Caption-style text data:
—————

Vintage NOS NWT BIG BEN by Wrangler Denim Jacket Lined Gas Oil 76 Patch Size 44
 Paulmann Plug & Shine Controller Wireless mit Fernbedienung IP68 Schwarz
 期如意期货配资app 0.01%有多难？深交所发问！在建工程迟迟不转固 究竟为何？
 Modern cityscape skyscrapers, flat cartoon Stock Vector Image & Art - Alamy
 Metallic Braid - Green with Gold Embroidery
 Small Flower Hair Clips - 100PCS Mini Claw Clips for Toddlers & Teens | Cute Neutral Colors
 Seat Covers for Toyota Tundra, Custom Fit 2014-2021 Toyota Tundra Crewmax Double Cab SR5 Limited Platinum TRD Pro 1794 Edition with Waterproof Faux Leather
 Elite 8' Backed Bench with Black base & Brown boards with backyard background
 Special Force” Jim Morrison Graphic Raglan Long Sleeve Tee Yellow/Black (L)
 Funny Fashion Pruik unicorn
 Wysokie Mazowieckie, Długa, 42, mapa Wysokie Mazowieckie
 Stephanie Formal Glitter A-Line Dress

—————

**ACTIVITY:**
Only lines with the word "Black" are wanted. Find and copy them from the records above.

**RESPONSE:**
 Elite 8' Backed Bench with Black base & Brown boards with backyard background
 Special Force” Jim Morrison Graphic Raglan Long Sleeve Tee Yellow/Black (L)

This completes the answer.